One of the most desolate stretches of highway in California is the section of road on Highway 178 from Ridgecrest to Highway 190. To the North are the uninhabited regions of China Lake Naval Air Weapons Station and the Coso Wilderness. To the East are the high peaks of the Panamint Mountain range, and not one, but two salt flat laden valleys, the Searles Valley, and the Panamint Valley. There is only one “town” – in this area, and that is Trona, and it has seen better days. There is no cellular service on this stretch of highway, and during the summer, temperatures regularly exceed 115 degrees. The area is wild, and beautiful in a desolate, endless desert type of way. Along with the town of Trona, the area is also littered with places and things that time has forgotten, like the Trona Pinnacles, and various old mines and mining claims.
Ballarat, as a thing fits neatly into this place of the planet that remains unknown to a majority of the world. Ballarat calls itself a ghost town, but in reality, it is a place that the world has passed by, and is one that is on the verge of disappearing. Founded in 1896 as a supply center for nearby mines in the Panamint Valley, Ballarat was named for its larger, and more successful sister city, Ballarat, Australia. Unlike its Australian version, Ballarat, California peaked at a population of several hundred people in the early twentieth century, before settling into a steady pattern of decline with the closures of nearby mines. In 1917, the post office in Ballarat closed, which lead to the final exodus of most of the town’s residents. Today, the town has one resident, who operates the general store and only a few buildings.
This gets us to whether Ballarat is indeed a “ghost town”. Indisputably, Ballarat is a town of ghosts, with more history than future; but Ballarat is also a place with few structures. Unlike Rhyolite, for example, which was another boom-and-bust mining town on the edge of Death Valley, Ballarat has only two remaining structures, which the desert is attempting to reclaim as soon as possible. Visitors expecting to see a plethora of Bodie –like buildings, in near pristine condition, will be disappointed. Visitors that are interested in the oddities of this region, its people and its history, will want to pay Ballarat a visit, as it was the home to the Ballarat Bandit, and Charles Manson for a time.
Directions: Ballarat can be found twenty-five miles to the North of Trona and is located directly off of Highway 178. From Highway 178, it is a 3.5 mile drive on a graded dirt road to the “town”.

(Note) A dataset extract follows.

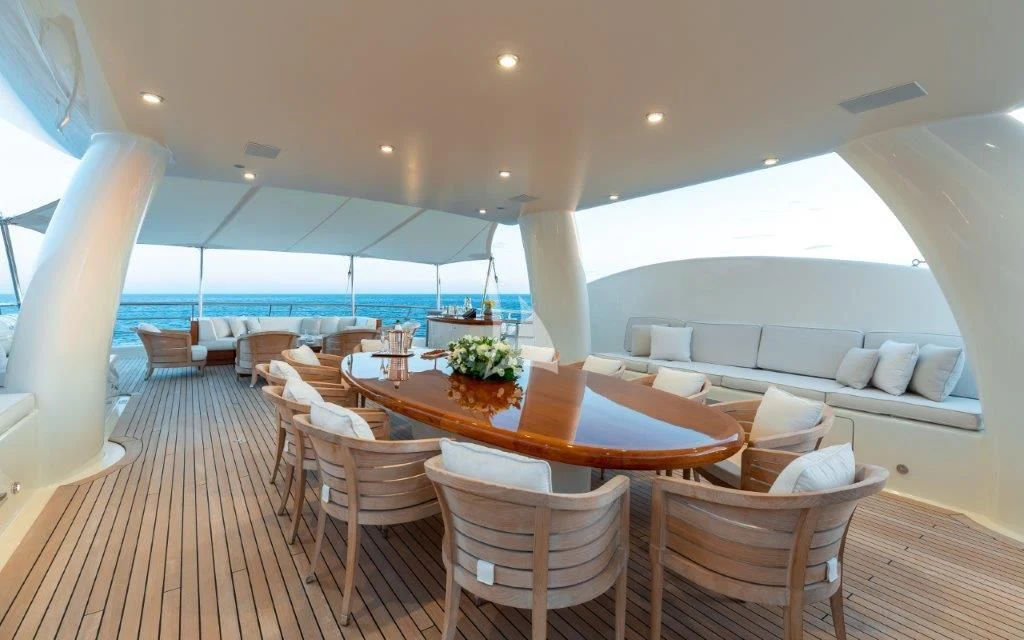 a room with a table and chairs aboard GRACE (YET) Yacht for Sale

Tips: The Ballarat General Store is literally the only location around for a great distance with cold drinks, or any services at all for that matter, and is an interesting spot to stop if one is passing through the region. The best thing about Ballarat, per the sign on the outskirts, is that it is a “free zone”, where one can “camp, party, make movies, or take photos, etc.” for free. So, if you’re in a need of a spot to stop and take a nap along this part of Highway 178, or if you’ve dreamed of camping where Charles Manson and the Ballarat Bandit lurked, there will always be a spot open, and it will be free. Visitors to this area however, should be prepared during the summer months for the temperature extremes, especially as there is no cellular service in or outside of Ballarat.